Starting at the top of the entries below, set down each line exactly as written, and stop after the line containing "Оззи Осборн фото".

[Records drawn from a dataset]

--

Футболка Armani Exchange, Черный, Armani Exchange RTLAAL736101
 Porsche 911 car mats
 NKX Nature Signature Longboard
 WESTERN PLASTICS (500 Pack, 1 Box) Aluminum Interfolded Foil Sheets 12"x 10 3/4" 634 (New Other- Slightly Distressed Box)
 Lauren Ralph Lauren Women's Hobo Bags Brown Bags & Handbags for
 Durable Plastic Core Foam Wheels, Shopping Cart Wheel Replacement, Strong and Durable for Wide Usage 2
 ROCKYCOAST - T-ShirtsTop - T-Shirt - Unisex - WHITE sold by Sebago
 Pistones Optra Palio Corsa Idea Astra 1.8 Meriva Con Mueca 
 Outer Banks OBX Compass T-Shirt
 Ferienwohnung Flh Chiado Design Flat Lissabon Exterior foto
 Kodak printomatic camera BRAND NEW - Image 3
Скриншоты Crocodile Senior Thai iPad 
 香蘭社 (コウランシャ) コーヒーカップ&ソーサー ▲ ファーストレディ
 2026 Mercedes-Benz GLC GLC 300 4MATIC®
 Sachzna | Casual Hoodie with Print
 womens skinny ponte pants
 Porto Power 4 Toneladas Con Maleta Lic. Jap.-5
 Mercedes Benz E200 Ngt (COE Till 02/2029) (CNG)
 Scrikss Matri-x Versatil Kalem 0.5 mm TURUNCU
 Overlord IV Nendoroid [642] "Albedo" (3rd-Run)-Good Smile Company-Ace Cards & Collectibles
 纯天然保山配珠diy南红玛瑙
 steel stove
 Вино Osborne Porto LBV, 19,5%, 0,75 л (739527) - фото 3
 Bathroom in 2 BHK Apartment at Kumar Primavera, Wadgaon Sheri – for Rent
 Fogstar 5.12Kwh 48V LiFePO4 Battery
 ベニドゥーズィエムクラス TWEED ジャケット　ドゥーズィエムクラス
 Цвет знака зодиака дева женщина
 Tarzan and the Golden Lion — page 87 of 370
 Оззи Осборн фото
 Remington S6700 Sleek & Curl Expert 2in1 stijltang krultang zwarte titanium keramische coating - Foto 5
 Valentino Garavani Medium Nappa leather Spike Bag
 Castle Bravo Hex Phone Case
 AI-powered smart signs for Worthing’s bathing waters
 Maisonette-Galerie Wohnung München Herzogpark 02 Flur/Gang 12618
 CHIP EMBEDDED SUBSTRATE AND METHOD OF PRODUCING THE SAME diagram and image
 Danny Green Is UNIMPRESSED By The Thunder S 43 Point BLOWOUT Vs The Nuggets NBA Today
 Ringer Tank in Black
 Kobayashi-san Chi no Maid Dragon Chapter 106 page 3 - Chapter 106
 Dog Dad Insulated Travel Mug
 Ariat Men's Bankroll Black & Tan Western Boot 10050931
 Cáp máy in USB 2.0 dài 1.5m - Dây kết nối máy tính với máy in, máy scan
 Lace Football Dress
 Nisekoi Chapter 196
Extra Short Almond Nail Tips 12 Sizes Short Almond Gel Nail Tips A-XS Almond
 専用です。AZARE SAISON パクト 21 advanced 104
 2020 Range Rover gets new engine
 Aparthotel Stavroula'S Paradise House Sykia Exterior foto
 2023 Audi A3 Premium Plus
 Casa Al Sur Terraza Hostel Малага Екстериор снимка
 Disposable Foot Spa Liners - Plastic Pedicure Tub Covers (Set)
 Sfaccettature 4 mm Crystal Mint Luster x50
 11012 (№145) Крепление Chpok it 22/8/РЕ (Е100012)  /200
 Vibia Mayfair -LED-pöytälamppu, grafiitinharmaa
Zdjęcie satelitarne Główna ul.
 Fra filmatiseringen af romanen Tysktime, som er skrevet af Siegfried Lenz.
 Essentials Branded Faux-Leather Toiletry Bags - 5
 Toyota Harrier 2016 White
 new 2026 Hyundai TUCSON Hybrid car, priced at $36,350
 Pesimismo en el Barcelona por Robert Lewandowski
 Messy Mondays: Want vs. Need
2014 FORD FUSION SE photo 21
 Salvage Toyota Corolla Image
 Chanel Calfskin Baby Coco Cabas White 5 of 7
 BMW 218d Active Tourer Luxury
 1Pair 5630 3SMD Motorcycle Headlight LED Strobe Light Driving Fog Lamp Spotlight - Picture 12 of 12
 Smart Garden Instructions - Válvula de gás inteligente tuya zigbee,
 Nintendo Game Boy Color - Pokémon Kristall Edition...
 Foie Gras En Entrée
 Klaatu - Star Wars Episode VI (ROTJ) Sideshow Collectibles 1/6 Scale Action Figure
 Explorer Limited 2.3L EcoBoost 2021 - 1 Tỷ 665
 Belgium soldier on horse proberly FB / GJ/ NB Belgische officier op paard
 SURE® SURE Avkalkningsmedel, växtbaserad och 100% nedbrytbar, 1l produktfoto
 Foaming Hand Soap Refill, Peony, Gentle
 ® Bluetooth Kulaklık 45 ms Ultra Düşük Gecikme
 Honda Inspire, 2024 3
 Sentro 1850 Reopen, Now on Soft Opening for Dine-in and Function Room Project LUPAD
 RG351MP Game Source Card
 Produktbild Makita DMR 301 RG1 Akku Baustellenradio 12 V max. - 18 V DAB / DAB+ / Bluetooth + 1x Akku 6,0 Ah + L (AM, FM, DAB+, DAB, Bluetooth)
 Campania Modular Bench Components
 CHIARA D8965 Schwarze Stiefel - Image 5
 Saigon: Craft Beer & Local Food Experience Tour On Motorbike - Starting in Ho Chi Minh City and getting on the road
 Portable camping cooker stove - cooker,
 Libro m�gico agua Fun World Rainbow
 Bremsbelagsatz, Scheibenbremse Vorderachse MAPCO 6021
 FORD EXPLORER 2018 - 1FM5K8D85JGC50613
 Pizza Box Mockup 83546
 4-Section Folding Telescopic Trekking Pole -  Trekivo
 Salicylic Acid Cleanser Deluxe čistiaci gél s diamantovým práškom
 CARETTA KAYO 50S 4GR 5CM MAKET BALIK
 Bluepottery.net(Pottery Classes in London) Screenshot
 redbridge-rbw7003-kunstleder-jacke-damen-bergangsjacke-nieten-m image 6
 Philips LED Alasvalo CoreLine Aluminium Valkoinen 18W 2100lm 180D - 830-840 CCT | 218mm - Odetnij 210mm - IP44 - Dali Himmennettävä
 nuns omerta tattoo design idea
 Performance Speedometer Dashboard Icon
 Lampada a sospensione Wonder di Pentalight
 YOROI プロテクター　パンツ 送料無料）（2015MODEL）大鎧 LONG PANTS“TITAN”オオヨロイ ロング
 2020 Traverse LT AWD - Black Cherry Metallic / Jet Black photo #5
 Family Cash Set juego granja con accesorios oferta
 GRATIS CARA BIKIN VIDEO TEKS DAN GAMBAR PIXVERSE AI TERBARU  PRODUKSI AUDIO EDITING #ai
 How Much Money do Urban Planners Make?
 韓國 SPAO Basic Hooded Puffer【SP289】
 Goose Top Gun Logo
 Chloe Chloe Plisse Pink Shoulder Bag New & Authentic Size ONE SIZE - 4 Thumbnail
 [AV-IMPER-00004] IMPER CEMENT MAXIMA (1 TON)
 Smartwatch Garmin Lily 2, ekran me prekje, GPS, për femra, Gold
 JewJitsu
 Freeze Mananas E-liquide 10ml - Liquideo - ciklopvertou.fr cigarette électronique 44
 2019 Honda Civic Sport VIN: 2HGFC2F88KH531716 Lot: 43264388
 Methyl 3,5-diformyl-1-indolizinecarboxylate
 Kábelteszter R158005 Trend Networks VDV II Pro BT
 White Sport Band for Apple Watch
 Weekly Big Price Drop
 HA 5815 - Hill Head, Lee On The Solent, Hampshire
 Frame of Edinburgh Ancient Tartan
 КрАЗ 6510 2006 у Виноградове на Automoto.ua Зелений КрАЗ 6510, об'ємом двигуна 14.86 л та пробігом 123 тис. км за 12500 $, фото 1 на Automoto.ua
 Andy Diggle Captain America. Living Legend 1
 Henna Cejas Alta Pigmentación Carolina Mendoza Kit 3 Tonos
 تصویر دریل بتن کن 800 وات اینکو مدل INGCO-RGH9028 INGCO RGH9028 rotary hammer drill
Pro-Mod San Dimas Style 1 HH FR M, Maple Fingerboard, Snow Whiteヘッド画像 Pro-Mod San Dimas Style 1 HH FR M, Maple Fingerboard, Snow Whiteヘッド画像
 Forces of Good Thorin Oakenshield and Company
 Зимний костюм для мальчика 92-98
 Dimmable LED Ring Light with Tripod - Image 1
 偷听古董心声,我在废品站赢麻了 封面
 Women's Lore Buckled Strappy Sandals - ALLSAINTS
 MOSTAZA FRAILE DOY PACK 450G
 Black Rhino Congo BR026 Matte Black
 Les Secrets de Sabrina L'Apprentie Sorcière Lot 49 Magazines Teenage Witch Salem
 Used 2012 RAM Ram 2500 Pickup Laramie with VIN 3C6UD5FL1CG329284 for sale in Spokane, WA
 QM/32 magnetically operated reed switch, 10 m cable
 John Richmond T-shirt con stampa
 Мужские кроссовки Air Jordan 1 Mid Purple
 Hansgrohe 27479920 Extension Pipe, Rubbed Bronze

--

**RESPONSE FOR THIS EXERCISE**
Футболка Armani Exchange, Черный, Armani Exchange RTLAAL736101
 Porsche 911 car mats
 NKX Nature Signature Longboard
 WESTERN PLASTICS (500 Pack, 1 Box) Aluminum Interfolded Foil Sheets 12"x 10 3/4" 634 (New Other- Slightly Distressed Box)
 Lauren Ralph Lauren Women's Hobo Bags Brown Bags & Handbags for
 Durable Plastic Core Foam Wheels, Shopping Cart Wheel Replacement, Strong and Durable for Wide Usage 2
 ROCKYCOAST - T-ShirtsTop - T-Shirt - Unisex - WHITE sold by Sebago
 Pistones Optra Palio Corsa Idea Astra 1.8 Meriva Con Mueca 
 Outer Banks OBX Compass T-Shirt
 Ferienwohnung Flh Chiado Design Flat Lissabon Exterior foto
 Kodak printomatic camera BRAND NEW - Image 3
Скриншоты Crocodile Senior Thai iPad 
 香蘭社 (コウランシャ) コーヒーカップ&ソーサー ▲ ファーストレディ
 2026 Mercedes-Benz GLC GLC 300 4MATIC®
 Sachzna | Casual Hoodie with Print
 womens skinny ponte pants
 Porto Power 4 Toneladas Con Maleta Lic. Jap.-5
 Mercedes Benz E200 Ngt (COE Till 02/2029) (CNG)
 Scrikss Matri-x Versatil Kalem 0.5 mm TURUNCU
 Overlord IV Nendoroid [642] "Albedo" (3rd-Run)-Good Smile Company-Ace Cards & Collectibles
 纯天然保山配珠diy南红玛瑙
 steel stove
 Вино Osborne Porto LBV, 19,5%, 0,75 л (739527) - фото 3
 Bathroom in 2 BHK Apartment at Kumar Primavera, Wadgaon Sheri – for Rent
 Fogstar 5.12Kwh 48V LiFePO4 Battery
 ベニドゥーズィエムクラス TWEED ジャケット　ドゥーズィエムクラス
 Цвет знака зодиака дева женщина
 Tarzan and the Golden Lion — page 87 of 370
 Оззи Осборн фото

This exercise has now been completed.